M.H. was the target of a grand jury investigation seeking to determine whether he used secret Swiss bank accounts to evade federal taxes. The grand jury issued a subpoena to M.H. for the production of records relating to his offshore banking activity that were required to be kept under the BSA. M.H. refused to comply, arguing that if he provided the requested information, he risked incriminating himself in violation of his Fifth Amendment privilege. The district court granted the government’s motion to compel after concluding that the requested records fell within the Required Records Doctrine and, therefore, the Fifth Amendment was inapplicable. When M.H. again refused to comply, the court held him in contempt, but stayed the contempt order pending appeal.

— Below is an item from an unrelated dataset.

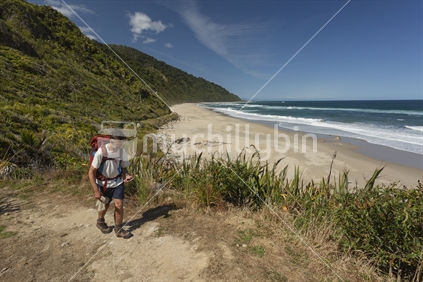 Kiwi hiker tramping along coast section of iconic Heaphy Track great walk in Kahurangi National Park
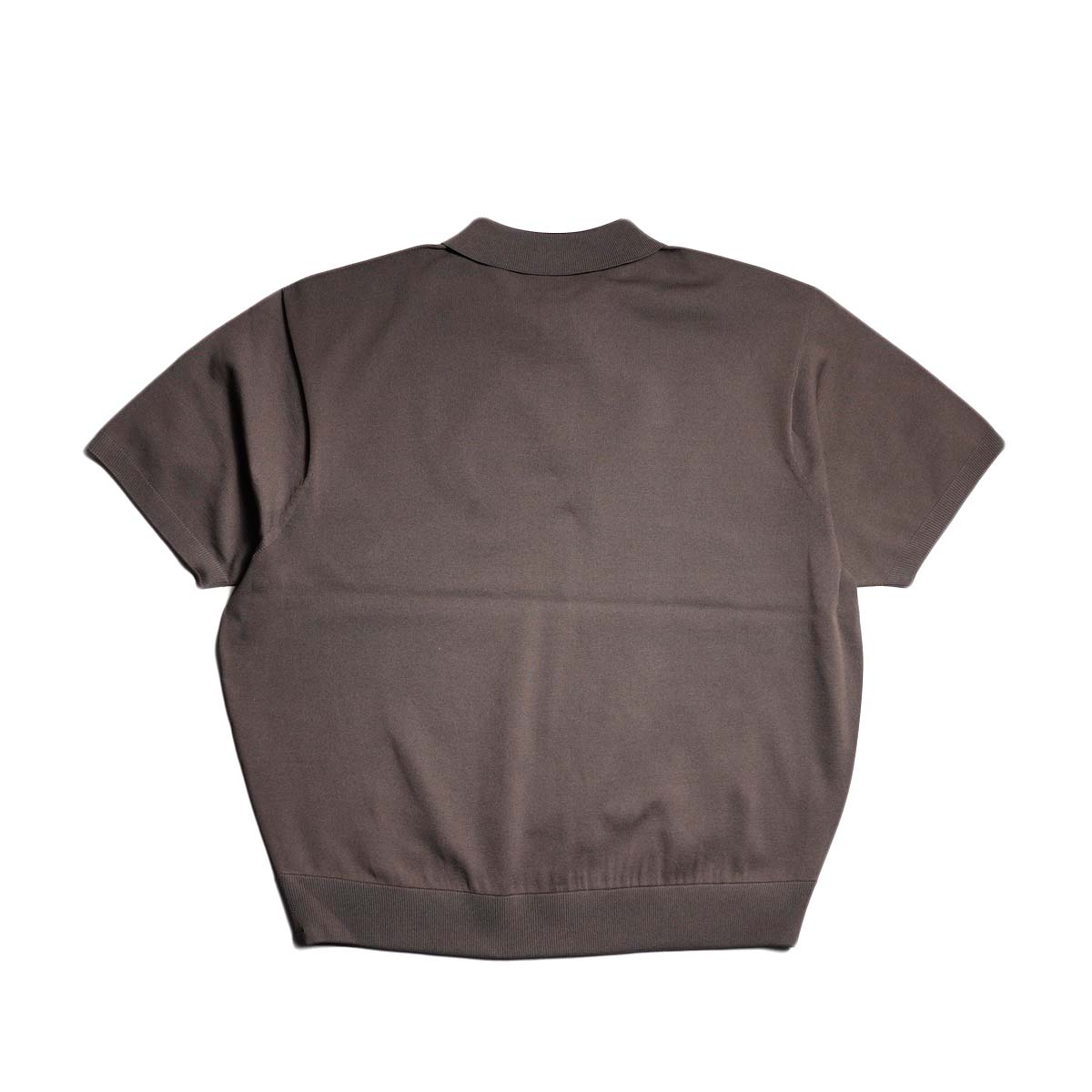 DAIWA PIER39 / W's TECH KNIT POLO S/S (Brown Grey)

The Ninth Circuit affirmed the district court’s contempt order. Relying on Shapiro v. United States, 335 U.S. 1 (1948), the court reasoned that, under the Required Records Doctrine, the Fifth Amendment privilege does not extend to records required to be kept as a result of an individual’s voluntary participation in a regulated activity. The court noted that the Required Records Doctrine applies if “(1) the purpose of the government’s inquiry is regulatory, not criminal; (2) the information requested is contained in documents of a kind the regulated party customarily keeps; and (3) the records have public aspects.” In re Grand Jury Investigation M.H., 648 F.3d at 1072 (citation omitted).
In this case, the court first determined that the purpose of the BSA record-keeping requirements is regulatory, not criminal, because having an offshore account is not inherently illegal. Second, the court noted that the records at issue consisted of basic account information that bank customers would customarily keep in order to access their foreign bank accounts and to report the information to the IRS. Third, the records had public aspects because they were required in furtherance of a valid regulatory scheme. Accordingly, the court concluded the Required Records Doctrine applied, and M.H. could not invoke the Fifth Amendment privilege to resist compliance with the subpoena.